I reached out to an African American friend to see if he had some words of wisdom. Tomie challenged me more than I could imagine.
He says, “It is time for the people of this country to engage in collective self-reflection, if such a feat is possible. As a Catholic, I think that we have tools available to us. Jesus taught us the greatest commandment; love of God and neighbor. In the prayer, the Confiteor, that we recite at the beginning of Mass commemorating the Passion of Jesus Christ, we confess and ask forgiveness for our sins… our thoughts, words, actions and WHAT WE HAVE FAILED TO DO.
In our collective examination of conscious we may find a “blind spot” when it comes to racial inequality…..We cannot simply wash our hands of this matter like Pilot did during the Passion. I don’t pretend to have answers to all societal problems but in attempting to close the racial divide we have to undertake a critical personal examination before declaring, “I’m not racist!” (See my comment above)
Those are my exact words, ‘I am not a racist’! This hit me hard. So, I stopped to engage in this ‘self-reflection’ that my friend called me to. What is it that I have failed to do?
The Catechism of the Catholic Church spells this out: “The equality of men rests essentially on their dignity as persons and the rights that flow from it: “Every form of social or cultural discrimination in fundamental personal rights on the grounds of sex, race, color, social conditions, language, or religion must be curbed and eradicated as incompatible with God’s design.” (CCCNo193)

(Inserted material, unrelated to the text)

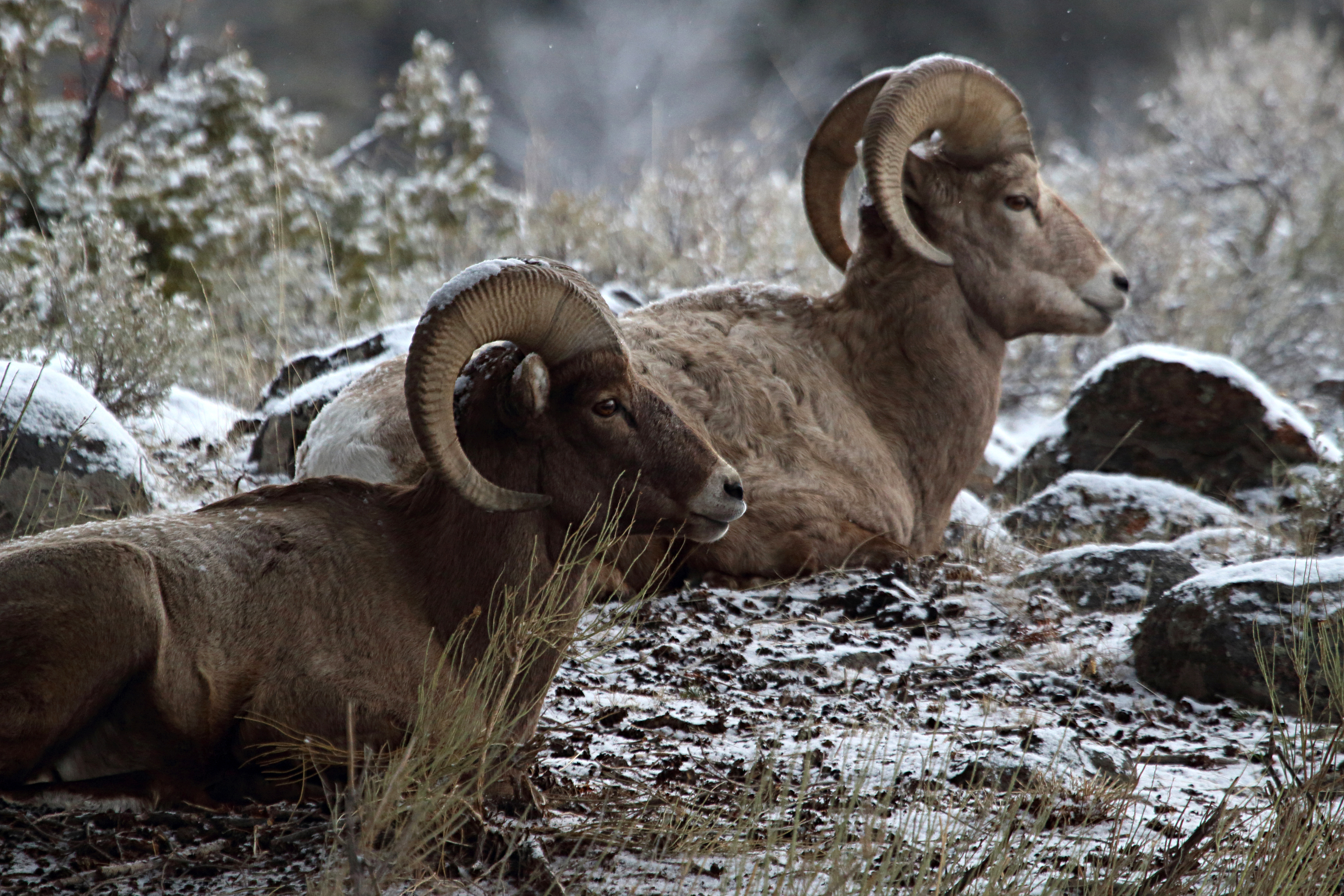 Two bighorn sheep laying on the ground.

Tomie challenges me further, he says, ‘The silent majority has looked the other way and said they were not racist because they didn’t see it outside their kitchen window, backyard, the gated community, private/ charter school or Church.”
Is my silence like the rich man who ignored the pleas of the beggar, Lazarus, at his door (Luke 16:19-31)? The rich man who found himself in purgatory for not helping the other. That story does not reveal that the rich man did anything against Lazarus, he certainly didn’t harm him, but he does ignore the human need sitting at his front door. That human need sitting at my front door is every color and race.
I am reminded of my late husband’s life quote from Micah 6:8, “What does the LORD require of you? To act justly and to love mercy and to walk humbly with your God.”
The Catechism reminds us that as Catholics we have a responsibility to fight every injustice towards humanity. To act justly, and to love and to walk, all these are action items. This is not something I ‘failed to do’ but to do, to engage in.
My mind races to the iconic film, Top Gun and Merlin screaming at Maverick, “Engage Maverick engage’. Isn’t it funny how God speaks to us some days?
I am still uncomfortable, but that is part of the humility God seeks in each of us.
Today, I have some small understanding as to why I am so uncomfortable. I have been still.
I may not have a plan, or an ‘answer to all societal problems’ but I do know that I will not be still. That is the lesson of the ‘rich man’ in the scripture, and the lessons from my friend, Tomie.
In today’s Gospel Acclamation we hear , “I give you a new commandment:
love one another as I have loved you.” (John 13:34) and then in the Gospel reading “go first and be reconciled with your brother, and then come and offer your gift.” (Matthew 5:23-24)
And so that is the challenge to each of us, to you and to me. To each of us today… Take a minute and engage in this self-reflection, ‘what is it that you have done and what is it that you have failed to do?” and then, engage in true charity!